L’alterità è nel cuore dell’identità, ovvero noi ci definiamo a partire dall’altro, in quanto “l’identità è una realtà non solo personale, ma un fenomeno psicosociale. Ciascuno trova conferma o disconferma della propria identità nell’incontro e nel confronto con gli altri, persone, gruppi, ambiente, cultura”.

La dialettica identità e alterità, richiama altresì il rapporto identità/differenza e identità/sessualità, che oggi è ulteriormente complicato dal rapporto sex/gender proposto dalla teoria del gender che tende a separare gender da sex o a dare priorità al gender sul sex.

A partire dalla chiarificazione di alcuni termini – sesso biologico, identità di genere, orientamento sessuale e ruolo di genere (o identità di ruolo) – la prof.ssa Del Core ha introdotto la seconda parte del suo intervento, sottolineando come “la percezione del proprio sesso è una componente fondamentale dell’identità umana. Il concetto di identità sessuale concorre alla formazione della personalità e si costituisce attraverso un lungo periodo che, a partire dalla vita intrauterina, trova nell’adolescenza la sua fase cruciale dove per i processi di individualizzazione e di maturazione è fondamentale per le ragazze la figura paterna e per i ragazzi il ruolo materno”.

L’appropriazione dell’identità sessuale avviene a livello cognitivo (schema di genere) e a livello inconscio (identità sessuale profonda), ma punto di partenza di questi due processi è l’accettazione del proprio corpo che cambia.
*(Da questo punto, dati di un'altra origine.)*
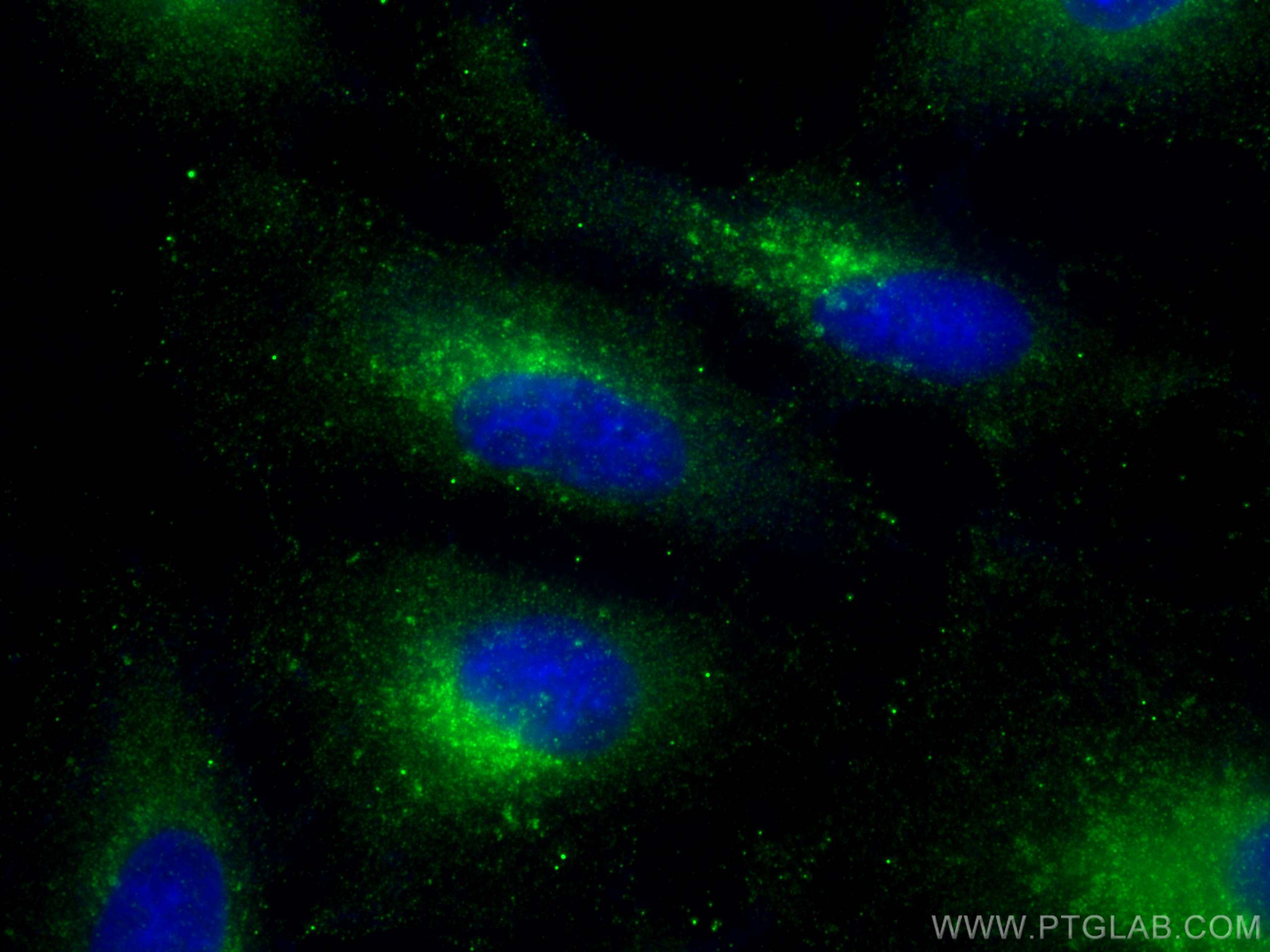 IF Staining of A549 using 13049-1-AP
È questo uno dei compiti di sviluppo, insieme all’ampliarsi del campo cognitivo e all’evoluzione del Sistema di Sé, in cui sono impegnati particolarmente gli adolescenti. Se armonicamente integrati, tali processi porteranno a raggiungere l’unità personale nelle diverse situazioni o ambienti e, lungo il tempo, a conoscere e a riconoscersi e rafforzare la propria identità psico-sessuale, a operare un distanziamento o distacco progressivo dalla famiglia e trovare degli amici o gruppi con cui identificarsi.

Al termine dell’intervento, il dibattito con i presenti in sala ha fatto riferimento, anche a partire da esperienze e fatti concreti, alla scuola e alla famiglia, come “spazi” privilegiati per l’educazione. Insegnanti e genitori sono chiamati a chiarire e ad accompagnare, fin dai primi anni di vita, i ragazzi e le ragazze a diventare consapevoli che essere se stessi è il compito più esaltante e significativo.